Indigo Secrets

Natural Indigo: 17 things that will blow your mind about natural indigo

Indigo is one of the oldest dyes humans have been using. Today, however, we almost exclusively use the artificial replication of indigo. If you own a pair of blue jeans, you know what indigo blue looks like. The chemical coloration and stone-wash method of jeans mimics what aged natural indigo looks like. Not only does it feel very different, it also behaves differently. For example, chemical indigo weakens the yarn while natural indigo makes it longer-lasting. And there are many good reasons to turn the clocks back and revert to using natural indigo. Natural indigo has many additional properties that make it a superb colorant for wearing against your skin. Here are some of the most surprising facts about this miraculous plant.

1. Chinese medicine:  Indigo has been used in Chinese herbal medicine for centuries to treat ailments such as high fever, chronic myelogenous conditions, child epilepsy, nose bleeds, sore throat, gum inflammation, tonsillitis, insect or snake bites, and psoriasis, to name but a few.

2. Japanese samurai: Japanese samurai dyed their clothes with indigo and wore them under their armor to help heal wounds faster.

3. Active components: The active components in indigo, tyrptanthrin and isatin, have anti-inflammatory, antibacterial, and antifungal effects on the skin.

4. Price: Indigo prices range near $20/kg ($44/lb), making it one of the most expensive dyes in the world.

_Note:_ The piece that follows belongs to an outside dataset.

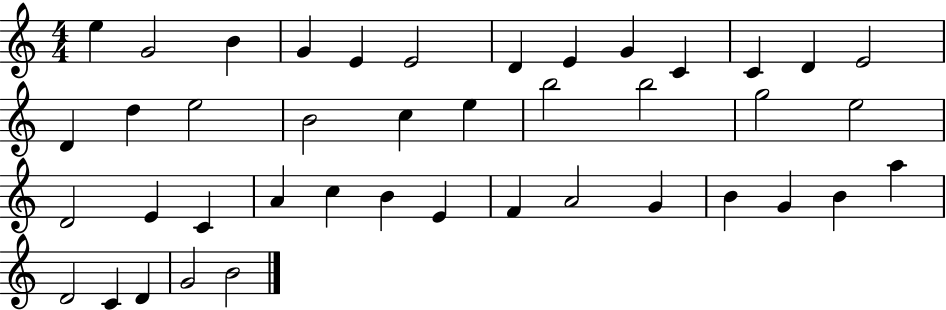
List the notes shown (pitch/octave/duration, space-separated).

5. Indigo and Egypt: Egyptian artifacts suggest that indigo was employed as early as 1600 B.C. and it has also been found in India, Indonesia and China.

6. Eco-friendly: In the dyeing process, cotton and linen threads are usually soaked and dried 15-20 times, making it one of the most eco-friendly dyeing alternatives on the planet. By comparison, chemical dyes require 80-100 soaks, using much more water in the process.

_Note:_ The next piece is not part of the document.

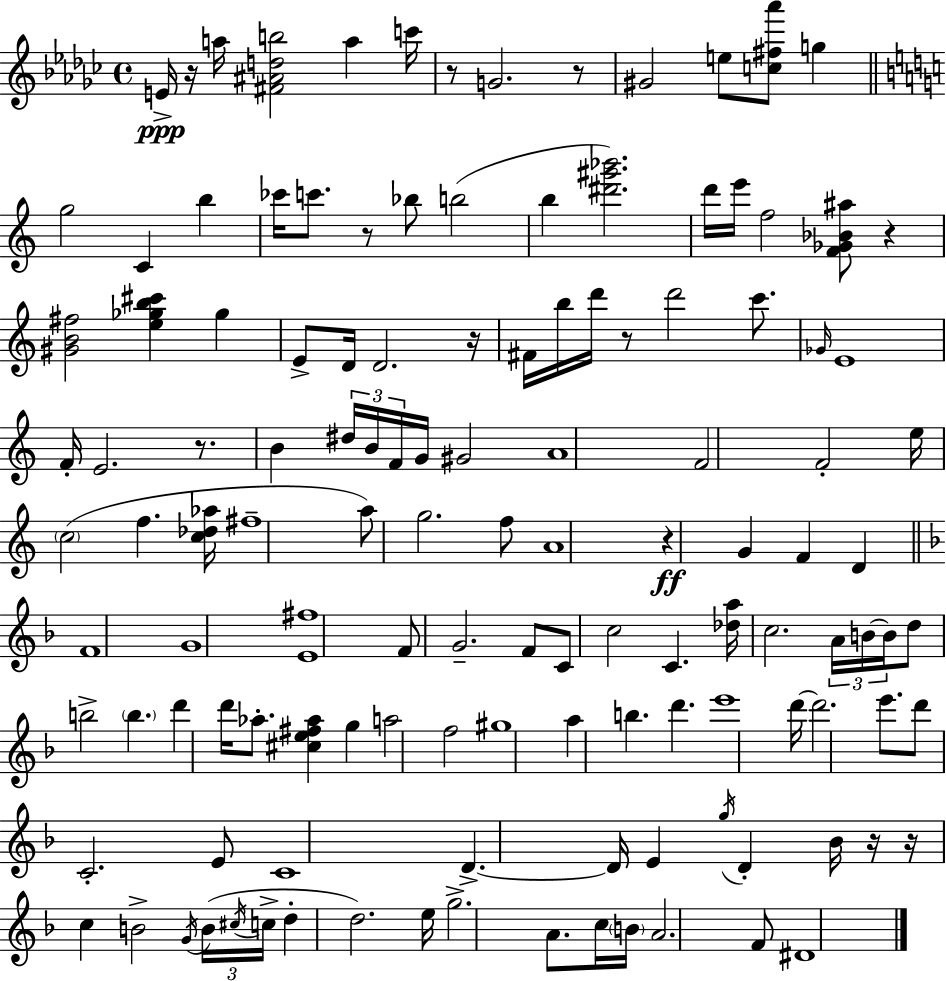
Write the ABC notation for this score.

7. Ways it's sold: Indigo is most commonly sold as either a 100% powder or a 20% solution.

8. The dye comes from leaves: The raw materials used in the natural production of indigo are leaves, not flowers as many believe. The leaves are dried and then ground into powder.

9. Treatment for psoriasis: In a 2012 study, patients with severe plaque psoriasis (where inflamed patches of skin are covered with white, painful scaling) were given indigo ointments and showed significant improvement in only eight weeks.

10. Cure for dermatitis: The Journal of the American Medical Association published research from scientists whose studies found up to an 81% improvement in severe dermatitis when the skin was treated with natural indigo.

11. Durability: Indigo in the form of dye makes cotton 20 times more durable.

12. Okinawa blue: The indigo plants native to Okinawa are unique from other varieties of indigo as they yield a gentler, softer blue.

13. Indigo in The Lord of the Rings: The magical herb in The Lord of the Rings, Athelas, which Aragorn uses to aliviate Frodo's pain, was largely based on the indigofera plant.

14. The Arabs have used it: Indigo has been used in the Arab peninsula as an analgesic for toothache and as an anti-inflammatory for insect stings, snake bites and swellings.

15. 750 species: There are over 750 species of the Indigofera plant, making it one of the most versatile and widely available plants in the world.

16. Indigo = Indian dye: The word "indigo" comes from Greek indikos, meaning "Indian (dye)."

17. 17,000 tons produced per year: The current production levels of indigo are reported to be around 17,000 tons per year.